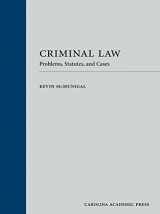 9781531004019-1531004016-Criminal Law: Problems, Statutes, and Cases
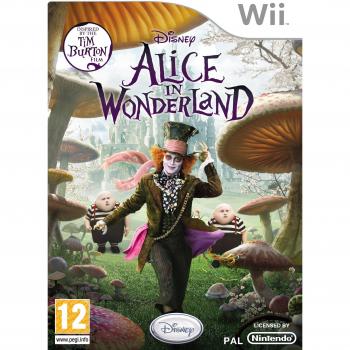 Wii – Tim Burton – Alice im Wunderland DE – Originalverpackt, gebraucht
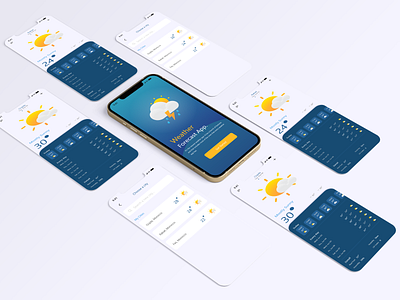 Weather app Ui Design app design graphic design ui design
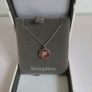 Silver by Absolute Sterling Silver Initial P CZ Disc Pendant Necklace New Boxed  CAN POST Image 2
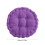 Lilla polyester meditationspude med randsyet kant 3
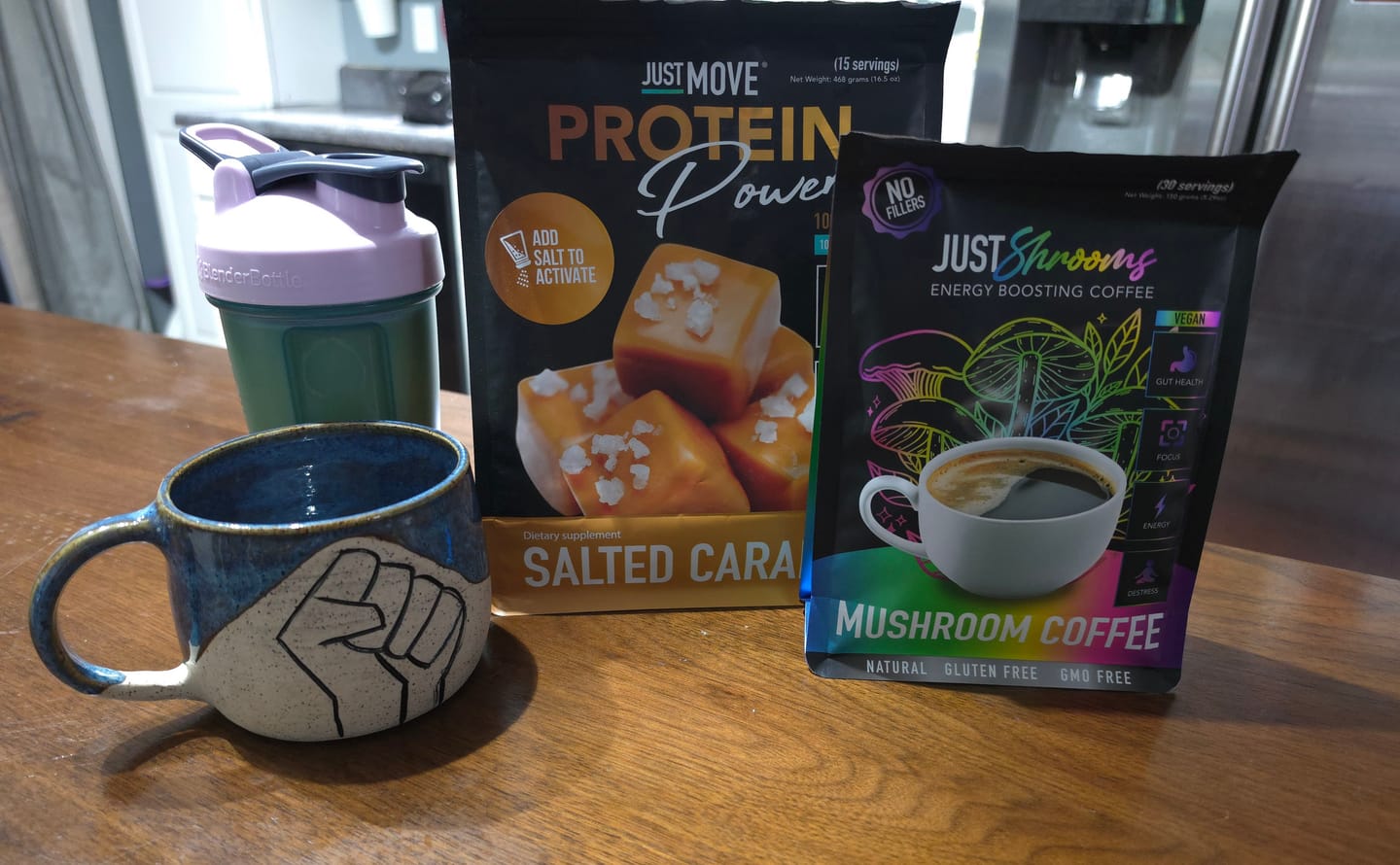 Customer photo review of Just Shrooms Mushroom Coffee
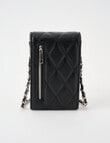 Boston + Bailey Quilted Phone Crossbody Bag, Black product photo View 02 S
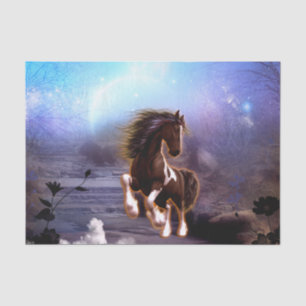 Wonderful horse with moon in the night tissue paper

● **WHAT TO PRODUCE**
Images are to be excluded, and each record above written out word for word.

● **YOUR SOLUTION**
 9781531004019-1531004016-Criminal Law: Problems, Statutes, and Cases
 Wii – Tim Burton – Alice im Wunderland DE – Originalverpackt, gebraucht
 Weather app Ui Design app design graphic design ui design
 Silver by Absolute Sterling Silver Initial P CZ Disc Pendant Necklace New Boxed  CAN POST Image 2
 Lilla polyester meditationspude med randsyet kant 3
 Customer photo review of Just Shrooms Mushroom Coffee
 Boston + Bailey Quilted Phone Crossbody Bag, Black product photo View 02 S
 Wonderful horse with moon in the night tissue paper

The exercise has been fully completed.